I'm managing an office network which is spread across 2 buildings. (see network setup below)
In building 2, we are getting a problem where the network slows down and then completely cuts off. The only way to bring it back is to power cycle the switch, then before it slows down again, go into the GUI dashboard and power cycle it from the dashboard.
The issue has happened 4 times (and is becoming more frequent). It first happened 2 weeks ago, then again yesterday, and twice today.
I'm trying to work out what could be causing it. I've believe I've narrowed it down the switch as the only network devices in building 2 are the switch and the WiFi access point. When the switch is down, the WiFi access point is still running.
When building 2 is down, if i go to building 1, I can still connect to the network fine.
Any idea what might be causing the above?
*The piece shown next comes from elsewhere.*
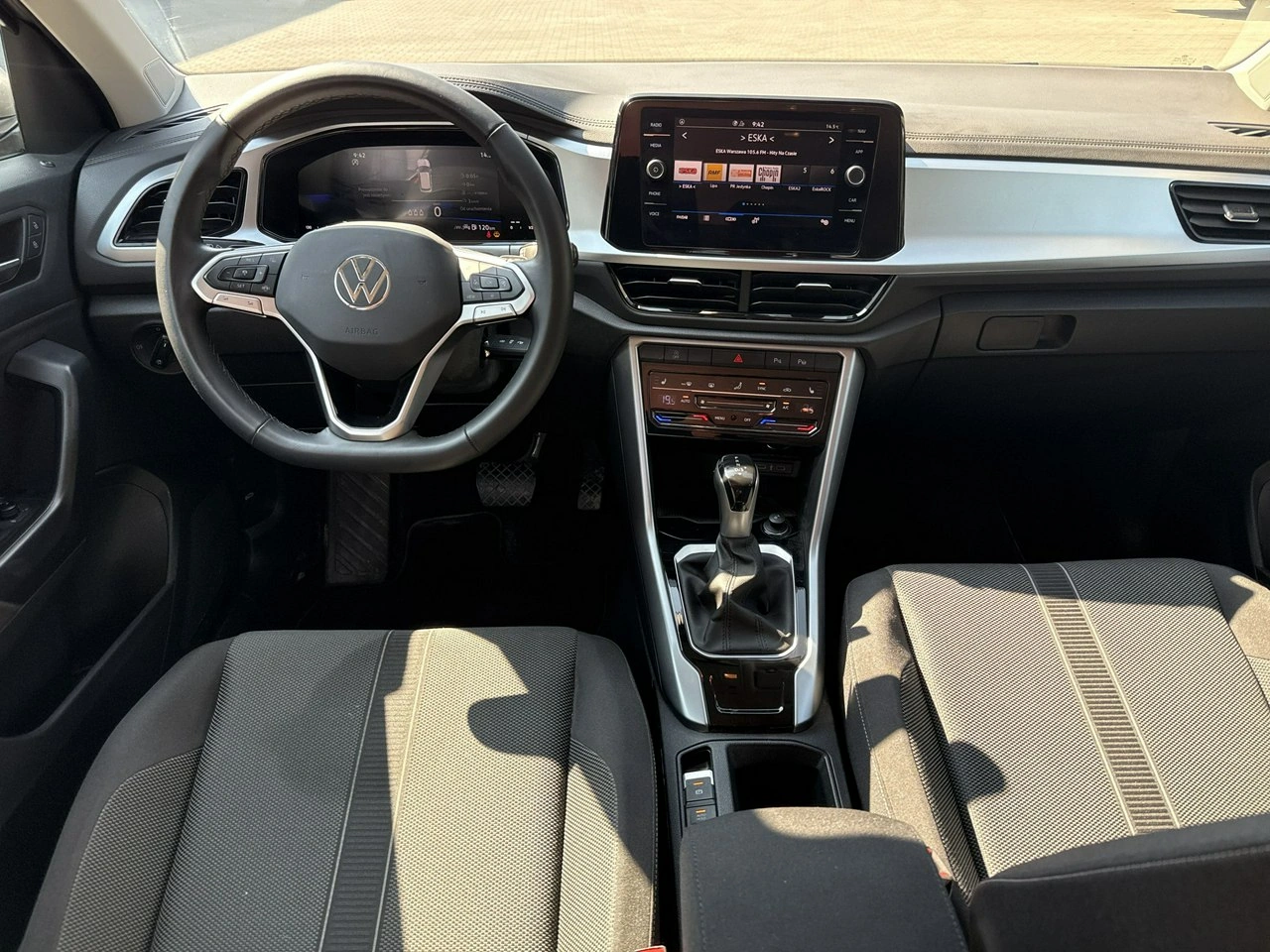 Volkswagen T-Roc - Zdjęcie 21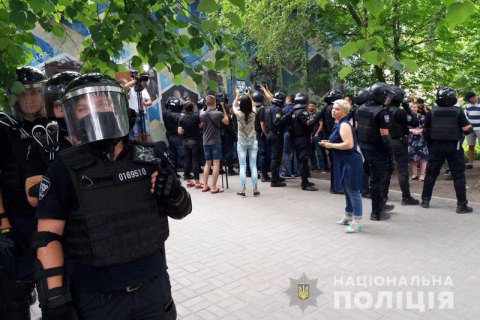 В Донецкой области протестуют из-за возможных фальсификаций на выборах (обновлено)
My 2 guesses are:
network storm - but this would be odd as we haven't recently added notable new devices to the network. So why has it come about all of a sudden, plus why is it getting worse on each reset?
faulty switch (needs replacing under warranty)
Network is configured as follows :
Building 1
- Draytek 2860 router (connected to fibre modem)
- Netgear 24 gigabit port smart switch
- Ubiquity UAP wifi access point (mostly used by mobiles / tablets.. low traffic)
- 4 wired LAN computers (heavier use, as we all use dropbox on LAN sync mode for heavy files)
- printers and other devices
- all cabling cat6
Building 2 (connected to building 1 by cat6 c. 30m cable length)
- Netgear 48 gigabit port smart switch (Netgear GS748T)
- Ubiquity UAP wifi access point (used mostly by 2 laptops, heavier usage that building 1, again most traffic is used from dropbox LAN sync.)
First off: I believe Netgear Prosafe switches are like HP procurves, and have a limited lifetime, advanced replacement warranty - it may be worth logging the call with them as intermittent switch responsiveness (Especially if you can't get to management page when plugged in directly - see below), get a replacement in, and switch it over - that may be the quickest way to get things running.
The Web GUI - when it's going wrong, can you log into the GUI if Plugged directly into the switch? Sounds like you can't in the post, but didn't specify if you were plugged in direct or somewhere else
When it's happening, is the light pattern on the front of the switch "Normal"? That will be a quick clue if there's a broadcast storm, then you can log into the router and check things out - best place to look may be the packet statistics page - that will show you the number of both Broadcast and error packets get a feel for what it's like when things are normal, and when things are wrong, it will stand out more.
If you think it's a broadcast storm, use the GUI to set up a mirror port (Will replicate all traffic on the selected ports to the mirror port, making it work like an oldskool hub), plug a laptop in, and run Wireshark (https://www.wireshark.org) on it - you can then look at all the raw traffic going through the switch.
Not gonna lie: Working through a wireshark log is not fun, but if it is a storm, you should have one MAC Address screaming at you in the logs - you can then check the ARP Table in the Switch GUI to see which Mac address is plugged into which MAC Port, then dgo and unplug and test whatever's on the end of that port.
Hope some of that helps. Good Luck
Have you checked the firmware version on all of your equipment? There are a few versions of the Netgear switch that need to be checked. You did not list it in the OP. You can check this link here for V5 Netgear GS748T v5 You didn't list the other model. If it is unmanaged you might not be able to do much with it.
Look in the web interface of the switch for the firmware version, and then search for Netgear's site for the current release. I would check the router too, they are more common causes of problems, but I have seen switches do exactly what you are describing with old firmware.
UPDATE: As an added thought, you may also want to check the driver versions on all of the nic cards on your LAN PCs, sometimes they flake out as well and can cause issues like this. Worst case, shut down all of the PCs and non-essential hardware, network printers etc. Then while monitoring the traffic, check to be sure the issue is gone, then bring them back up one at a time. If you have any network non-PCs like a printers or web cams, start with those first, they are more likely to be the cause.